Speech recordings took place in a sound-treated booth in the Department of Biomedical Engineering of National Yang Ming Chiao Tung University with a GRAS Type 40AC microphone at 0-degree azimuth. The microphone was placed 30 centimeters from the participant’s mouth. The sampling rate was 44,100 Hz with 16-bit quantization. Before the recording, the first author discussed with the actors the emotional tones that they should aim for. The actors then completed the recording in the booth while being monitored by the first author.

The 120 stimuli were recorded in five blocks separated by emotions. The order of the blocks and the order of the stimuli within a block were randomized for each participant. Before the recording started, the participants were given 10 minutes to familiarize themselves with the stimuli. Breaks were given between blocks for the participants to adjust their emotions. Our goal was to elicit a broad-focus analysis, i.e., distributing the prosodic change over the whole sentence instead of focusing narrowly on the target syllable. To that end, the participants were instructed to avoid pausing before and after the target syllables, and to avoid placing excessive emphasis on the target syllables.
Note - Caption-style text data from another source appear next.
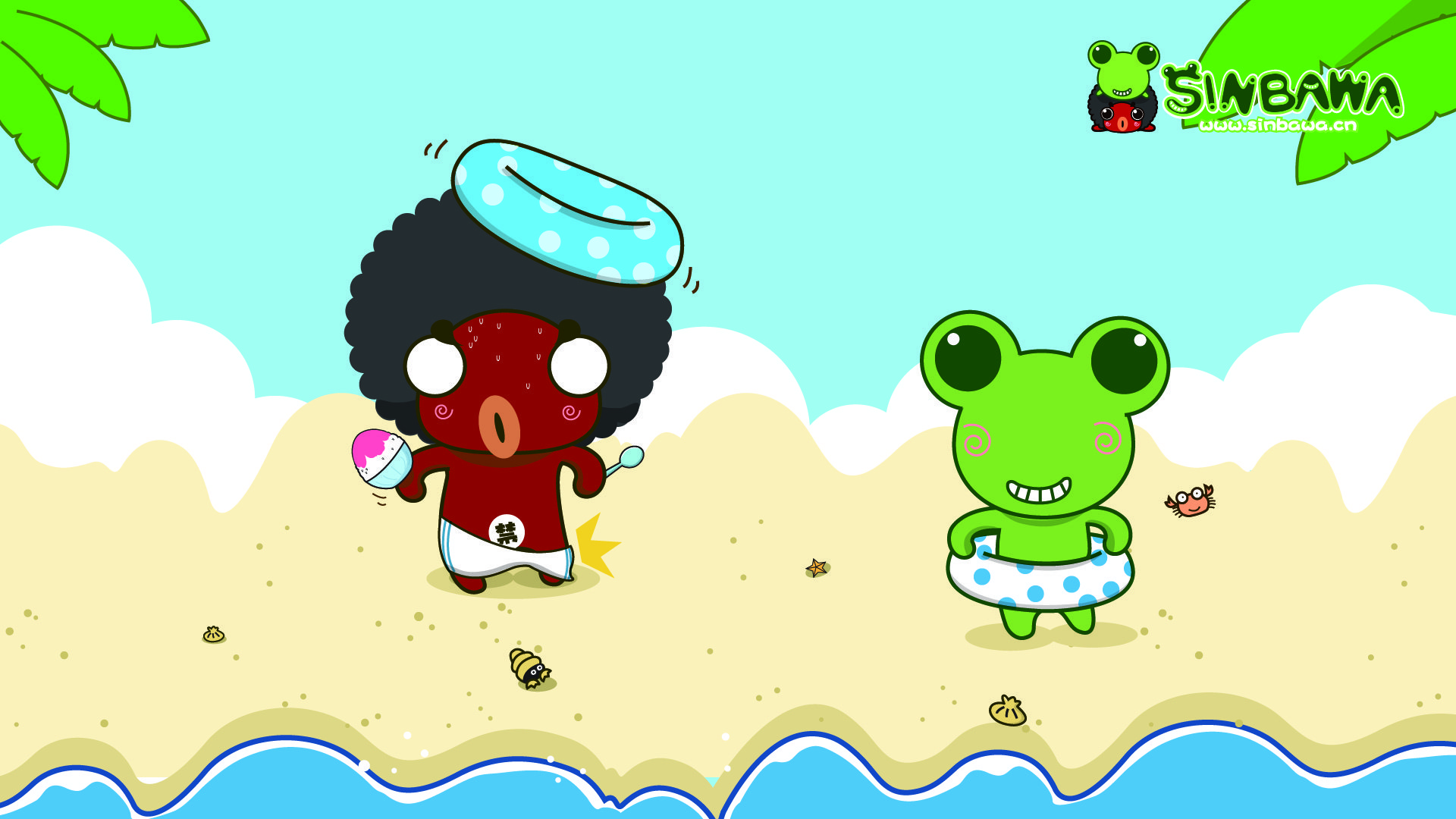 动漫,卡通,士巴蛙,插画,可爱,sinbawa,儿童桌面专用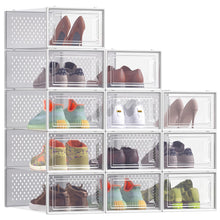 Carica l'immagine nel visualizzatore di Gallery, SONGMICS Scatole per Scarpe, Contenitori per Scarpe, Organizzatori Portascarpe Pieghevoli e Impilabili, Fino alla Taglia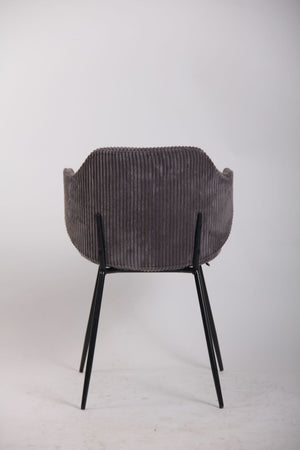 Set of 2 Dining Chairs | Corduroy Cord Fabric | Dark Grey Lincoln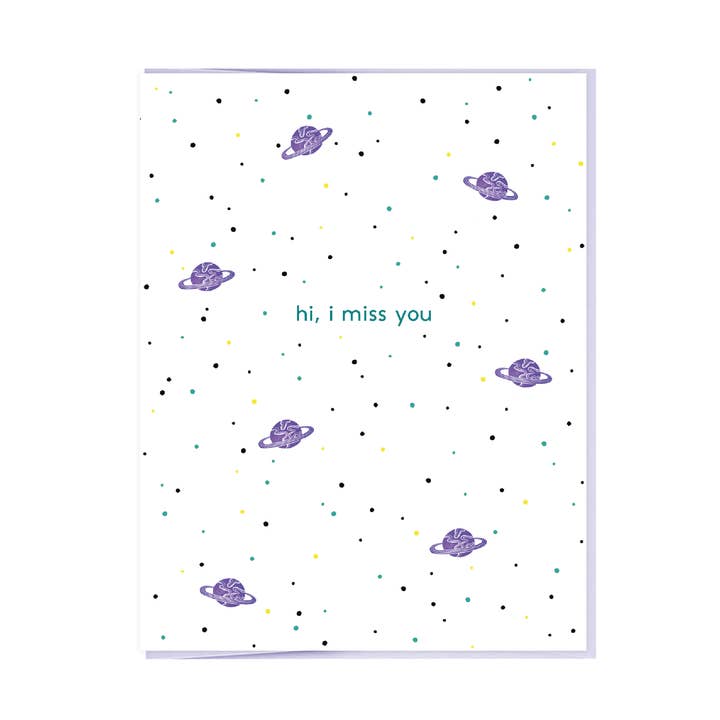 MISS YOU PLANETS EVERYDAY GREETING CARD for wholesale by Ever Pollen Print Shop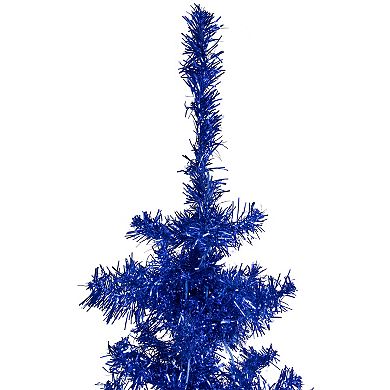 Northlight 4' Blue Artificial Tinsel Christmas Tree Unlit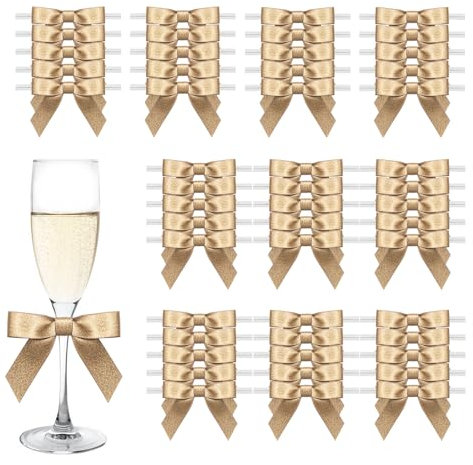 MORSUNBELA Schleifen Kleine Deko Schleife Geschenkschleifen Geschenk für Geschenkverpackungen Valentinstag Hochzeit Weihnachten 50 Stück Gold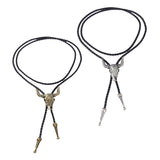 Maxbell Fashion Western Longhorn Cow Skull Leather Bolo Tie Necktie Antique Silver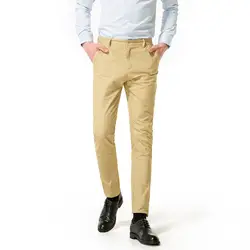 2018 весенние классические новый высокое качество Для мужчин Эластичный Повседневное брюки Для мужчин s платье в деловом стиле Slim Jogger стрейч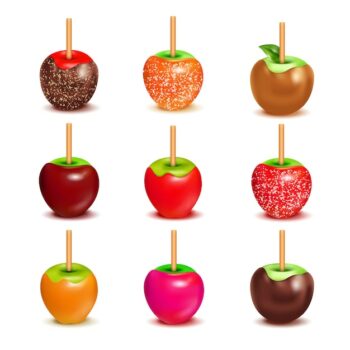 Free Vector | Toffee candy apples assortment set
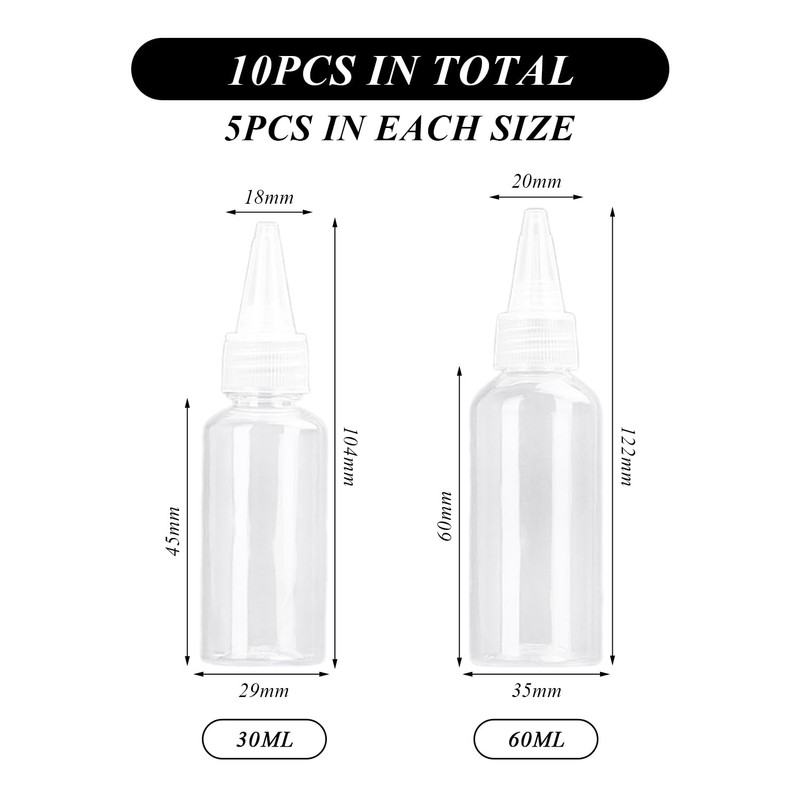 COACOM 10 Teile Transparente Plastik-Extrusionsflasche, Multifunktionale Spitze-Mundflasche, Bequeme Außenreise, Wiederverwendbare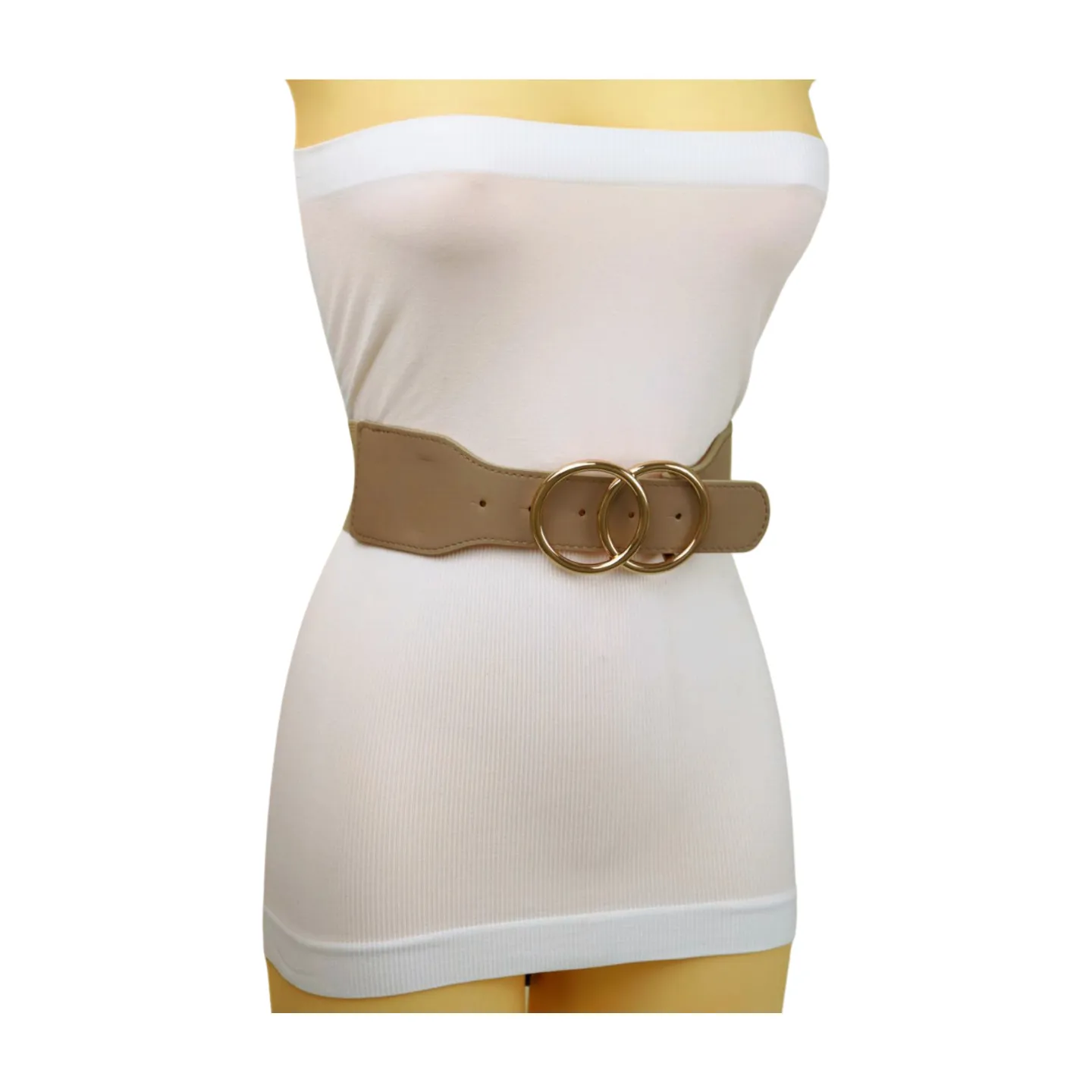 Women Beige Taupe Stretch Belt Gold Circle Buckle S M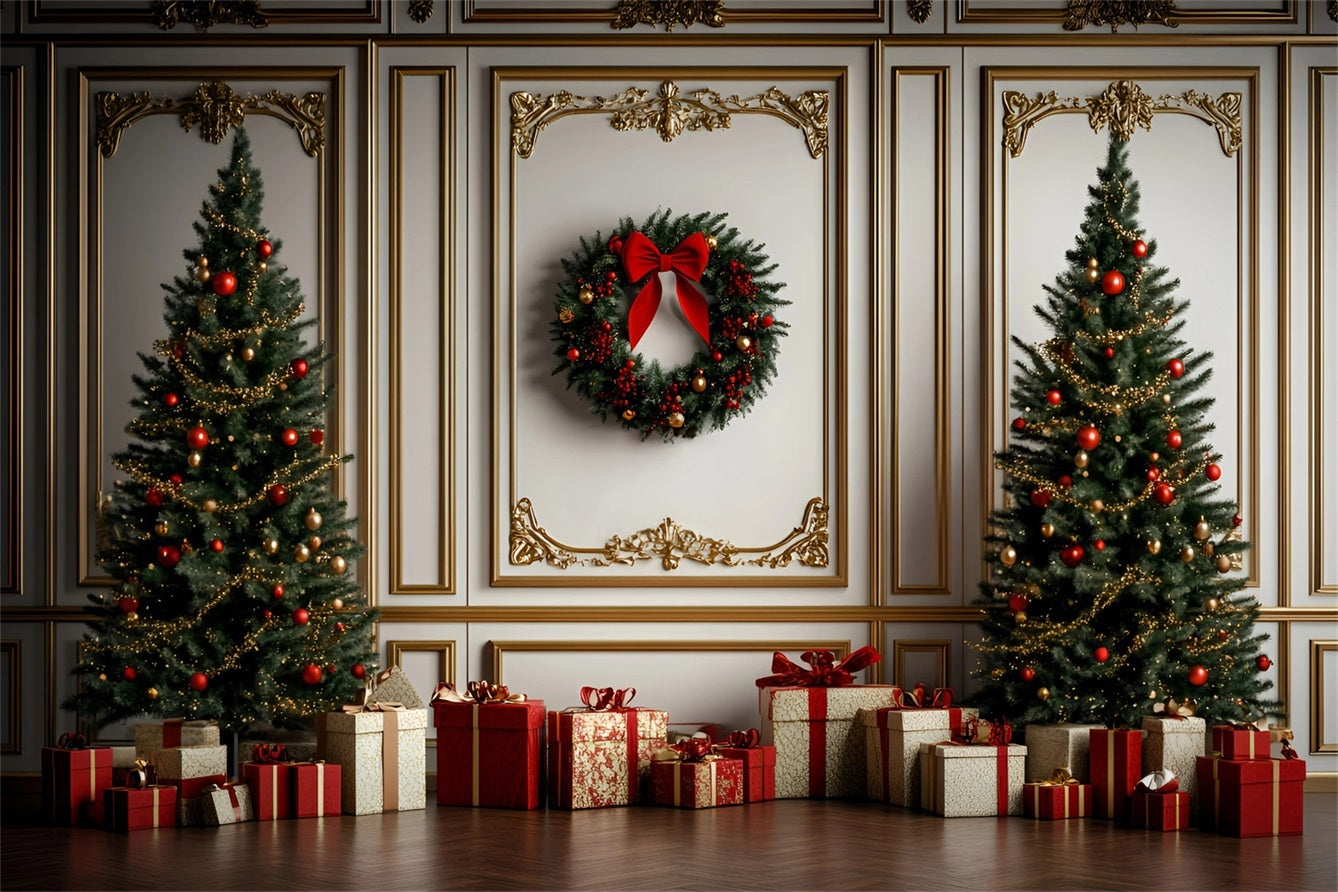 Hochauflösende Weihnachten Backdrop Classic Gold Rot Trimmed Wand Weihnachten Foto Studiohintergrund GQ58-30
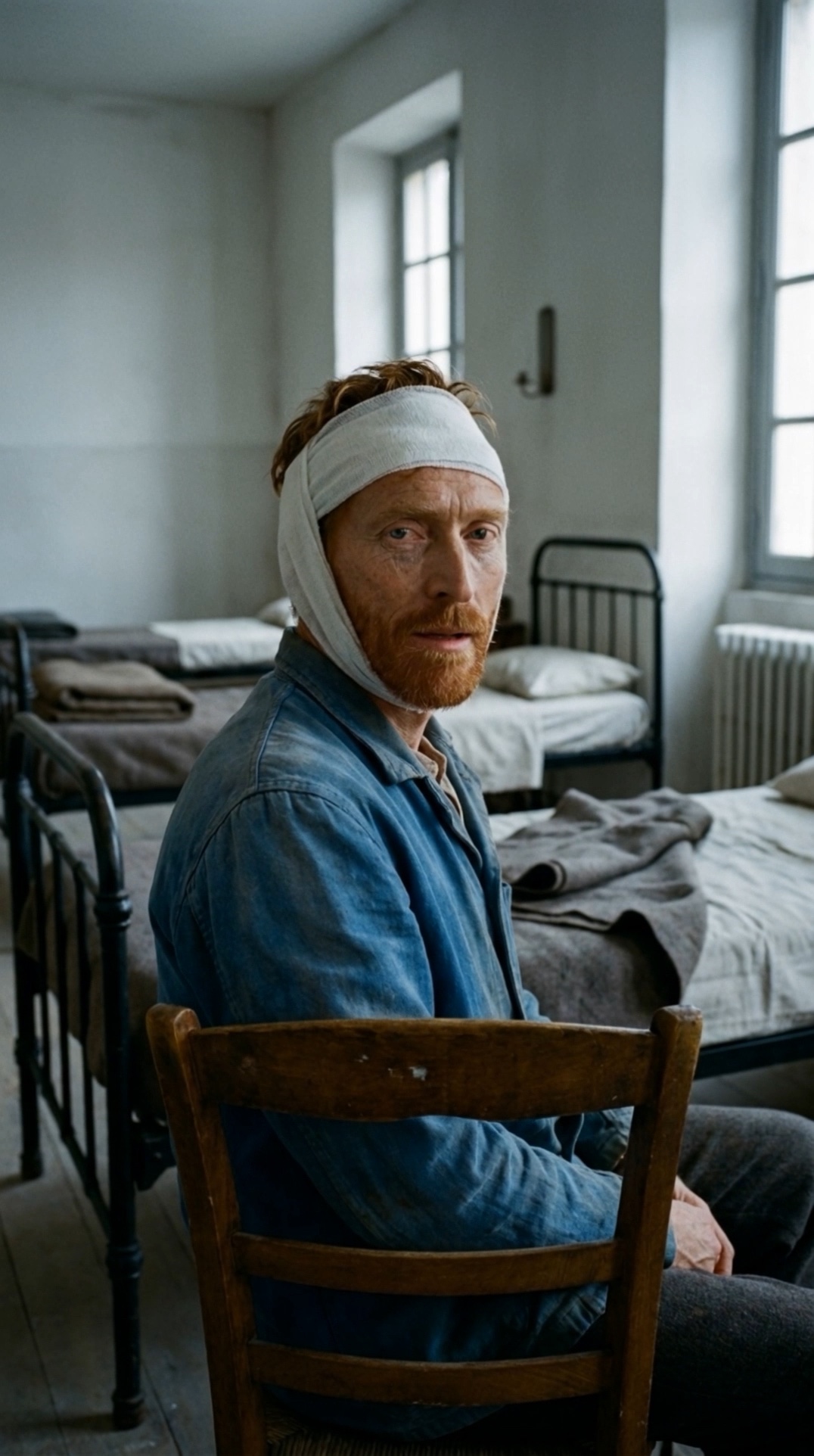 A recreation of the bandaged Van Gogh in the hospital ward at Arles, from the ArtMatch film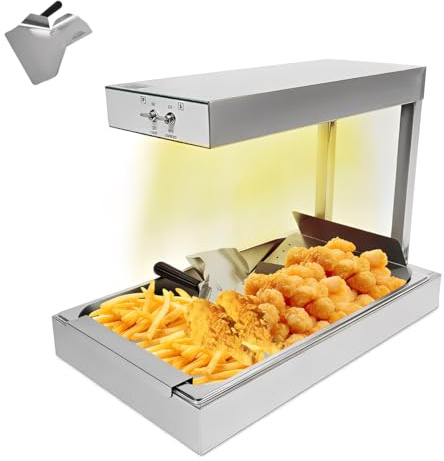 Armanyya Puente térmico calentador de alimentos 56 x 33 x 46,5 cm, calentador eléctrico de patatas fritas con pala, potencia de 750 W, temperatura máxima de 80 °C, acero inoxidable, manejo con un solo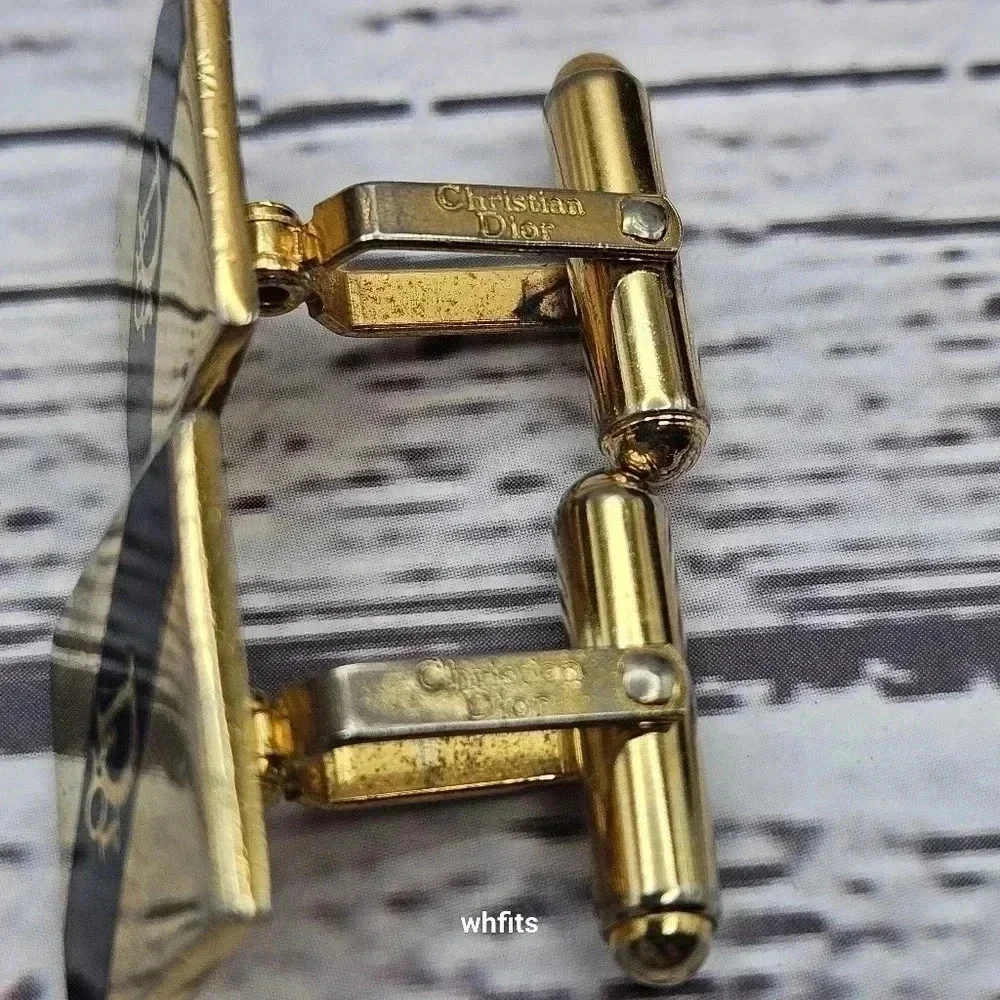 Christian Dior Gold and Navy Blue Logo Cufflinks Vintage with Box - Picture 2 of 3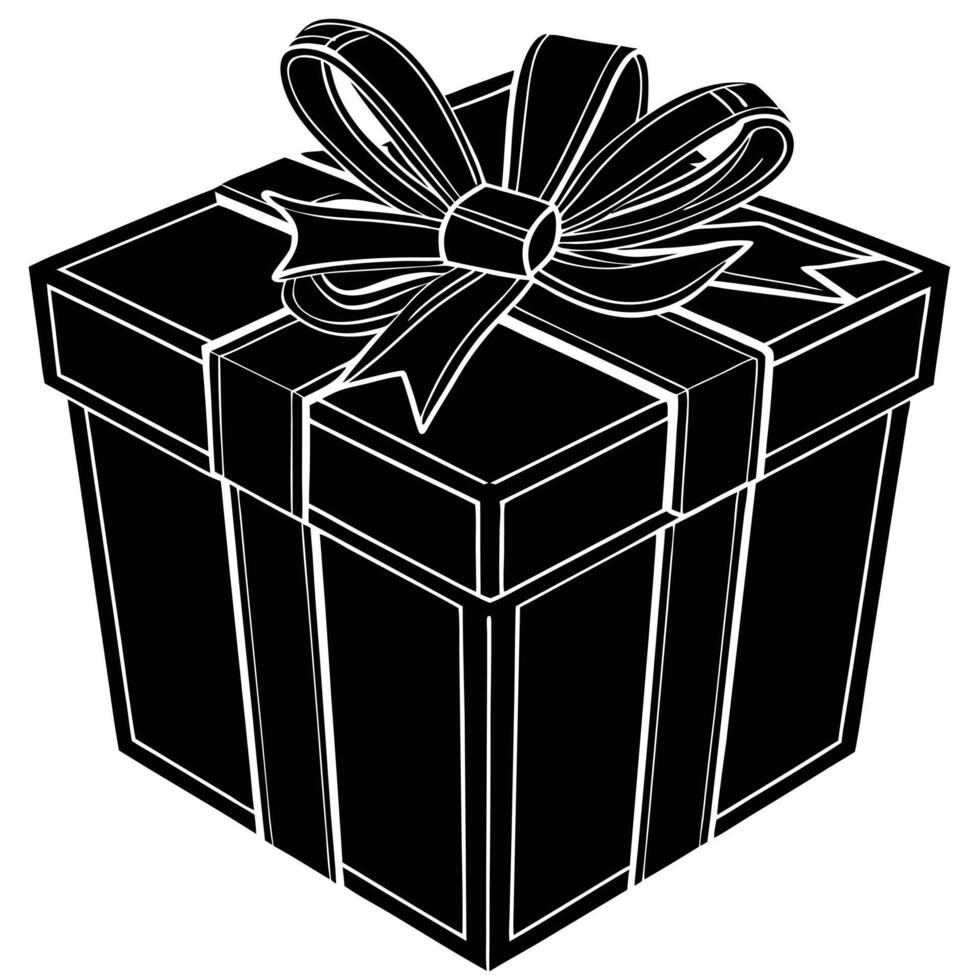 Elegant Black Gift Box with Bow A Perfect Present Illustration vector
Acoustic and statistical analysis

The recordings (except for the NEUTRAL stimuli) were rated by 30 native speakers of Taiwan Mandarin to evaluate how well the intended emotions were present in the speech materials. The raters included 19 women and 11 men with ages ranging from 21 to 49 years (mean age 33.5 ± 7.8 years). For each stimulus, the raters were asked in a four-alternative forced-choice task to choose an emotion (ANGRY, FEAR, HAPPY, or SAD) that best represented the speech sample they heard. The raters were also asked to provide a score on a Likert’s 5-point scale indicating the degree of the match, with 1 being the worst match and 5 being the best match. Stimuli were chosen for acoustic analyses only if they were correctly identified by all 30 participants and if they received an average rating of 3.0 and above. All stimuli met both criteria and were included in the acoustic analyses.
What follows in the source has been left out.